Colaboração para o UOL, em São Paulo

29/02/2020 17h43

"Ainda bem que ainda é Carnaval e que delicia é ser veado", gritou a cantora trans Pepita ao assumir o microfone do bloco Meu Santo é Pop, em São Paulo, por volta das 16h deste sábado (29).

Com o trio parado na esquina da avenida Ipiranga com a rua Major Sertório, a cantora anunciou que vai casar. "Botaram aliança no meu dedo, vai ter bicha no altar". Mas ela garante que procura uma menina para completar o casamento. "Quem quer entrar no meu trisal?".

O tom político também ganhou espaço no desfile. A cantora puxou coros de protesto contra o governo. "Ei, Bolsonaro, vai tomar no c...". Mas depois corrigiu: "Eu dou porque gosto, ele vai dar com raiva, ele e a família toda dele".

Mas a interação em cima do trio não foi o bastante para a artista. A cantora desceu para as cordas, bebeu, fez muitas selfies, conversou, brincou, bebeu e dispensou seguranças que não perdiam ela de vista. "Estou entre os meus".

Antes de encerrar, pouco antes das 17h, chamou foliões para o after na boate Zig Duplex que vai ser embalado pelo bloco Minhoqueens. Depois pediu muitos aplausos para Linn da Quebrada, Pabllo Vittar e - lógico - para ela própria. Em seguida, profetizou: "A revolução é travesti".
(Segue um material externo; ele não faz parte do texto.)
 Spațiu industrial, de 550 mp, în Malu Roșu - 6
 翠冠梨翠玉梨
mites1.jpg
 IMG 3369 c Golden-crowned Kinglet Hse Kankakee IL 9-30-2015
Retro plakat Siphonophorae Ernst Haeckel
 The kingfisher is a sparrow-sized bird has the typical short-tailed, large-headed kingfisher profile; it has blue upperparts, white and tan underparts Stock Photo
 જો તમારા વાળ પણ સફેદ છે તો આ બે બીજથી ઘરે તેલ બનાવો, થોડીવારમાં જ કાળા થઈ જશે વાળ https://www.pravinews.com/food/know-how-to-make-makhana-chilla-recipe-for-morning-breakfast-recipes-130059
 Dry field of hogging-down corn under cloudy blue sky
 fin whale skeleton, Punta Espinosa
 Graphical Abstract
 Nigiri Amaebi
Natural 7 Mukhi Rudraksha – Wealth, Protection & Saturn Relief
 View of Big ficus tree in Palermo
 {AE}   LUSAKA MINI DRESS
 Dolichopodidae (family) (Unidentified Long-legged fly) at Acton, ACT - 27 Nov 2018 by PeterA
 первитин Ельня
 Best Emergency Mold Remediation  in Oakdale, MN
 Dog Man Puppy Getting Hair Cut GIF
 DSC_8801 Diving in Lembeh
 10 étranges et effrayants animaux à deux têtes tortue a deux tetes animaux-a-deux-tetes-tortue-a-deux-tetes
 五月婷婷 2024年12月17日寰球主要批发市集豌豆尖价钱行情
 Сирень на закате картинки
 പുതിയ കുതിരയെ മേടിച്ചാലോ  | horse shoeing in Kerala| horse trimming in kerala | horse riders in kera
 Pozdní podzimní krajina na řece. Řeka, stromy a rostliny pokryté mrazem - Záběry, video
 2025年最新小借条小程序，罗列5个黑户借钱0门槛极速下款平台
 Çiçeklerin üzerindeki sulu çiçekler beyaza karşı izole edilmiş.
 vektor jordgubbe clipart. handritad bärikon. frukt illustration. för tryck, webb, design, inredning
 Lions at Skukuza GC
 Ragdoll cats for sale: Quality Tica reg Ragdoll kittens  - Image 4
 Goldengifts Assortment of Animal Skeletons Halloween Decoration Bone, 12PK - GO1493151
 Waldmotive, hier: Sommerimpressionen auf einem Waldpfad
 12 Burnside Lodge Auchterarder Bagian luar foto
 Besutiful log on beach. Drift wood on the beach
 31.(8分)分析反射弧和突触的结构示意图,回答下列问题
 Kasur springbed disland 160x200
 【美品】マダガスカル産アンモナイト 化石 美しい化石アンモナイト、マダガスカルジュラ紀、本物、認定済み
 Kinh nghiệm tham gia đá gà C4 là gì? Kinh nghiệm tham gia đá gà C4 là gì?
Antes da dispersão, o DJ que comandou a última parte do desfile pediu aplausos para Bruna Surfistinha, a Raquel Pacheco que acompanhou todo o percurso do bloco. "Ela é um ícone da resistência cultural, do nosso cinema."

Bruna —ou Raquel— terminou o desfile descalça fazendo uma dancinha com os sapatos e atendendo muitos pedidos de selfie. Disse que ficou emocionada com a homenagem e admitiu que estava meio alcoolizada, mas que ainda assim seguiria firme na folia em outro bloquinho, na praça da República.

O Meu Santo é Pop, que seguiria até o largo do Paissandu, encerrou pontualmente às 17h na avenida Ipiranga.